Doctoral Dissertations
Date of Award
12-2019
Degree Type
Dissertation
Degree Name
Doctor of Philosophy
Major
Nuclear Engineering
Major Professor
Brian Wirth
Committee Members
Vasilios Alexiades, David Donovan, Rajesh Maingi, Peter Stangeby
Abstract
Creating a neutron source via fusion in a confined core plasma and extracting the necessary energy creates an adverse environment at the plasma-material interface. In order for the fusion reaction to be sustainable, the response of the coupled plasma-surface interaction must radiate in the edge plasma while an atomic fraction of 10⁻⁵ of W in the core will make fusion unachievable. Because of this limitation, the underlying physics in the plasma-material interaction must be understood in order to make fusion feasible and economical. This dissertation extends simulation capabilities of the plasma-surface interaction to higher fidelity with the inclusion of multi-scale physics modeling and code integration. Of relevance to the performance of both the divertor and fusion plasma is the migration, interaction kinetics, and re-deposition of the eroded wall material. Considerations of impurity transport can affect surface composition, surface evolution, material response to energetic ions, and radiative properties of the edge and core plasma. Therefore, the development of a high performance, 3D kinetic impurity transport code capable of simulating whole device geometries, and designed to accept high fidelity input for background plasma, plasma sheath, and material response models is necessary.

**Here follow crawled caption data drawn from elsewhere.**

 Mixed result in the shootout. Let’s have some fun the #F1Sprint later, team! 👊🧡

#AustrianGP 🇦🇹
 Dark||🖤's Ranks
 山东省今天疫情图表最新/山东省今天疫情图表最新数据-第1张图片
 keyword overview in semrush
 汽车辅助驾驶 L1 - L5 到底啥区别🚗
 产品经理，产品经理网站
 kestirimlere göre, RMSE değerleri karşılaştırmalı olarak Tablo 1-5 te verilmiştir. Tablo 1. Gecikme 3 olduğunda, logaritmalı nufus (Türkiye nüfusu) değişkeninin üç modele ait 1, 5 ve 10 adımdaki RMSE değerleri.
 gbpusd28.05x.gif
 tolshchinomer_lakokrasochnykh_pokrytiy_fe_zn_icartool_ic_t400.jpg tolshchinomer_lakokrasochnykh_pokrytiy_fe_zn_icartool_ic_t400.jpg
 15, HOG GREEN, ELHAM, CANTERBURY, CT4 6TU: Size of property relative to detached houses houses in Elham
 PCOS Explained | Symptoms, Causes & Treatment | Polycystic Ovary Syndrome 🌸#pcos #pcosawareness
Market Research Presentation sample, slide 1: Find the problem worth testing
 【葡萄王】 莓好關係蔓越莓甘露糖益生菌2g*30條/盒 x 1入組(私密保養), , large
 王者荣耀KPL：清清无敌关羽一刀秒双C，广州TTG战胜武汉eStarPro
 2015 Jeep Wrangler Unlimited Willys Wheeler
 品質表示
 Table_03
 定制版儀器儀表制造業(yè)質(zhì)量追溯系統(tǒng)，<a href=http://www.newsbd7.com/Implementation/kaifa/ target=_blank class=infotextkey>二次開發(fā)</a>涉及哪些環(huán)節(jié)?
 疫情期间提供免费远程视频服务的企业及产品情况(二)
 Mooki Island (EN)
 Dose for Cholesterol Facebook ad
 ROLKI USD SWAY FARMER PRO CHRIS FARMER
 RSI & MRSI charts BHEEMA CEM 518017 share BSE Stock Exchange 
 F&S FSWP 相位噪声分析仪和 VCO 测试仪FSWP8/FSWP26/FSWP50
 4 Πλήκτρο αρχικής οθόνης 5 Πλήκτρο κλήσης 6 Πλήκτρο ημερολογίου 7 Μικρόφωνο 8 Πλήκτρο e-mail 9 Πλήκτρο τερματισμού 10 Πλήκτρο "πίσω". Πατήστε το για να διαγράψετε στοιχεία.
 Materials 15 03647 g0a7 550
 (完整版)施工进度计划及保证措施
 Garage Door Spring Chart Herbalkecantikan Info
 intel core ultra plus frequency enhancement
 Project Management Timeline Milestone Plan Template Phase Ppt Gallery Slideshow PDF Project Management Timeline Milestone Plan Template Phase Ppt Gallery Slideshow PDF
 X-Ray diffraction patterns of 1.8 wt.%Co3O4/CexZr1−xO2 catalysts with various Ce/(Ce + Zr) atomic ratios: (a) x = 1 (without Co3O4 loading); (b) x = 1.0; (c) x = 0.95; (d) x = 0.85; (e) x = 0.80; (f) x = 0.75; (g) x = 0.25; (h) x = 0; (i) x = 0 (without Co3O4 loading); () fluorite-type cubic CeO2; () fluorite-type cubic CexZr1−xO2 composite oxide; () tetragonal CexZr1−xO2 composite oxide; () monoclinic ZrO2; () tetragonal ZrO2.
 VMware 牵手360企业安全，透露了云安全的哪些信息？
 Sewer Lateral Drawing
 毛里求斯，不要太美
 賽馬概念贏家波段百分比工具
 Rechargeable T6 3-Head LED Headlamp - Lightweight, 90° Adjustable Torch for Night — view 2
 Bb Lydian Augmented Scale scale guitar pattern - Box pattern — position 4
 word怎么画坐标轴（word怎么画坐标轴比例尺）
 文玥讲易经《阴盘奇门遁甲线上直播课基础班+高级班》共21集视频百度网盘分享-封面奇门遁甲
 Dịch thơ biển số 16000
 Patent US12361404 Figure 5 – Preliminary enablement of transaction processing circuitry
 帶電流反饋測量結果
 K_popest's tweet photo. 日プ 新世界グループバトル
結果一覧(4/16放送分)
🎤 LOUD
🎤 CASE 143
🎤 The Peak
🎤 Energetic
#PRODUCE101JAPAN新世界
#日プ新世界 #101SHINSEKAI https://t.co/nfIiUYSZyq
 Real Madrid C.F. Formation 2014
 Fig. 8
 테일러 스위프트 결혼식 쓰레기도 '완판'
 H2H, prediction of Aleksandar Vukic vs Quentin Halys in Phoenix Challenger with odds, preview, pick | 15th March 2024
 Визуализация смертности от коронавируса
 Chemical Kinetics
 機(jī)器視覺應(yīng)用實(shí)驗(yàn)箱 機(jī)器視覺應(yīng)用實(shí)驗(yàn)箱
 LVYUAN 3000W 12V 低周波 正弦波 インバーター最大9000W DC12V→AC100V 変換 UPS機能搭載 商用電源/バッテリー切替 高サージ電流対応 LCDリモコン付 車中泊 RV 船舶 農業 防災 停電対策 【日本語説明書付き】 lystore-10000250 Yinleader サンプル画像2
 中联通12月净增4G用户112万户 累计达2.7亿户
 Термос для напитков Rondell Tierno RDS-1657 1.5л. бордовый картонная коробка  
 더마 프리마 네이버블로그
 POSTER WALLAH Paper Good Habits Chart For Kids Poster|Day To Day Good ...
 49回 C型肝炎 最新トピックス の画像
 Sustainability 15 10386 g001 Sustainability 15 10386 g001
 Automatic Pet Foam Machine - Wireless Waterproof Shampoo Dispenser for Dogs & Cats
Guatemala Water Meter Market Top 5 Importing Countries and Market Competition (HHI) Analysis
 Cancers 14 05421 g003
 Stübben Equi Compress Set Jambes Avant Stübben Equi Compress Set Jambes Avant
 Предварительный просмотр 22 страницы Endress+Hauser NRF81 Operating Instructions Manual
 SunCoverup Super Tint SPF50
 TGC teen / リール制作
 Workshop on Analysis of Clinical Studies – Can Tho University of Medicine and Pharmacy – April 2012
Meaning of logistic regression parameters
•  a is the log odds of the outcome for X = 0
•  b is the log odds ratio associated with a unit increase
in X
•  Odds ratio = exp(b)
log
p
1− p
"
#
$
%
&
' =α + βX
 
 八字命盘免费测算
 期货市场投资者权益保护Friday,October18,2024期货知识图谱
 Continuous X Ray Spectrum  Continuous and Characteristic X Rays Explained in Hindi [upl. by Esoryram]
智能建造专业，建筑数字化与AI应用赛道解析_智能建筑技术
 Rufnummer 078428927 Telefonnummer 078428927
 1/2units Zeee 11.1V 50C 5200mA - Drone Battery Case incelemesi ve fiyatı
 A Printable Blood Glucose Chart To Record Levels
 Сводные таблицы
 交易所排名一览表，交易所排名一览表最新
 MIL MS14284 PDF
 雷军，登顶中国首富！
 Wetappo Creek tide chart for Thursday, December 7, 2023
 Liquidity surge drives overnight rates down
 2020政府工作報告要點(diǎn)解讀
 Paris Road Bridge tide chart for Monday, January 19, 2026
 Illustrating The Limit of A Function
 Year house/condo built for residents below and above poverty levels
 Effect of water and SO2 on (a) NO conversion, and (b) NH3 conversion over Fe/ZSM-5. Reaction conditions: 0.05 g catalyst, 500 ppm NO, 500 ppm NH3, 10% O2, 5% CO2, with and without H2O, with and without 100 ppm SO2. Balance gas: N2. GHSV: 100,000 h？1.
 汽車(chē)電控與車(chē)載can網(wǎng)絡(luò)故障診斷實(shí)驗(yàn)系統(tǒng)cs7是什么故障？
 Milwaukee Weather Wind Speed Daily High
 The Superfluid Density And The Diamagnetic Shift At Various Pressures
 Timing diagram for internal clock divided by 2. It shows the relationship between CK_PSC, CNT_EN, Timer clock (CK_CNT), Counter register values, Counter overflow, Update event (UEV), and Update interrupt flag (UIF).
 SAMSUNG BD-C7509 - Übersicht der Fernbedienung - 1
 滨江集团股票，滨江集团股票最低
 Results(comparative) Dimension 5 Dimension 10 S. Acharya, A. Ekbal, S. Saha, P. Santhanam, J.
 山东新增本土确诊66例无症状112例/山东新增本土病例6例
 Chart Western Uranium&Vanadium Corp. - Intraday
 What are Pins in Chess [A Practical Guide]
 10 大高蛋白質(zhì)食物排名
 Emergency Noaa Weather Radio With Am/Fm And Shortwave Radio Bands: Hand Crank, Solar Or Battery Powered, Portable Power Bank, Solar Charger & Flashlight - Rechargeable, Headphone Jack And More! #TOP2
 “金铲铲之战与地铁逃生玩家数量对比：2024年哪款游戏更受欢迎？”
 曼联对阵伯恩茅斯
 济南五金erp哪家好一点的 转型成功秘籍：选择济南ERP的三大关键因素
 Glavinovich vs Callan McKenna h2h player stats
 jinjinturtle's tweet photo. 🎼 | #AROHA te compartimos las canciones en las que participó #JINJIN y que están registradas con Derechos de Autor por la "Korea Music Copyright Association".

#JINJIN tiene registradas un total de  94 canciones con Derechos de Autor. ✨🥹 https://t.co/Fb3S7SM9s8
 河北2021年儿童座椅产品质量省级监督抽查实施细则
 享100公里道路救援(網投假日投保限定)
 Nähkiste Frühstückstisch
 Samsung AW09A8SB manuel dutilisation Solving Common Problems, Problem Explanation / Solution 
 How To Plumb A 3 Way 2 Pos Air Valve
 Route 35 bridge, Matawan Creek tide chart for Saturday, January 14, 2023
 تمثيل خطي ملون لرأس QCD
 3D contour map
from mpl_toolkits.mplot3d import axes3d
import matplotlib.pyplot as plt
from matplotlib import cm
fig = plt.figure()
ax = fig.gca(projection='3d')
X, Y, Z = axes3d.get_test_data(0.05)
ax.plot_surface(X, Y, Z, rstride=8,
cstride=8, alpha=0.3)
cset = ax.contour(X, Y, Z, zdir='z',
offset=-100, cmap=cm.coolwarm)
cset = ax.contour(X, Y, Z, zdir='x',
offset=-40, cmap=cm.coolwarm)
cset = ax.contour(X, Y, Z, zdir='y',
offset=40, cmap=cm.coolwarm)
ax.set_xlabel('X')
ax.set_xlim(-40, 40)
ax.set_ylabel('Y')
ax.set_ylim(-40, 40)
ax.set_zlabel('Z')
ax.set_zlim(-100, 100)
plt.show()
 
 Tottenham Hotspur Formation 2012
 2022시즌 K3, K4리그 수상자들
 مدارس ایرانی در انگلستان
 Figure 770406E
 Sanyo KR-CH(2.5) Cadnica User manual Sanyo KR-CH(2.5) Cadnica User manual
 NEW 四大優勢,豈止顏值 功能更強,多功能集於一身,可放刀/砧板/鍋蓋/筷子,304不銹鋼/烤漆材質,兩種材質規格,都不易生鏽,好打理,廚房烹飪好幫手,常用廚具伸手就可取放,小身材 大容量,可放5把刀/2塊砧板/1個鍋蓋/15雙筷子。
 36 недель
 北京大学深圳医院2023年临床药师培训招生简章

The development of the global impurity transport code (GITR) addresses the necessary physics and computer science challenges associated with the impurity transport problem. A high performance, platform portable, accelerator enabled implementation of the trace impurity model (GITR) has been developed to simulate impurity migration on the scale of a whole device fusion machine. GITR has been benchmarked with simple fluid theory to demonstrate accuracy of the physics model. Comparison to linear plasma device experiments has demonstrated accurate results for net erosion, volumetric impurity density profiles, and migration behavior characteristics. Bayesian statistics have been used to perform formal uncertainty quantification based on background plasma profile measurements in this linear device geometry. Tokamak scenarios for ITER He operation and D-T operation have also been simulated to demonstrate the impurity erosion and migration characteristics for this future device.
Recommended Citation
Younkin, Timothy, "Fusion Machine Scale Wall Material Erosion and Redeposition Modeled with GITR as a Part of an Integrated Simulation to Evaluate Tungsten Plasma Facing Component Lifetimes and Feedback on Fusion Plasmas. " PhD diss., University of Tennessee, 2019.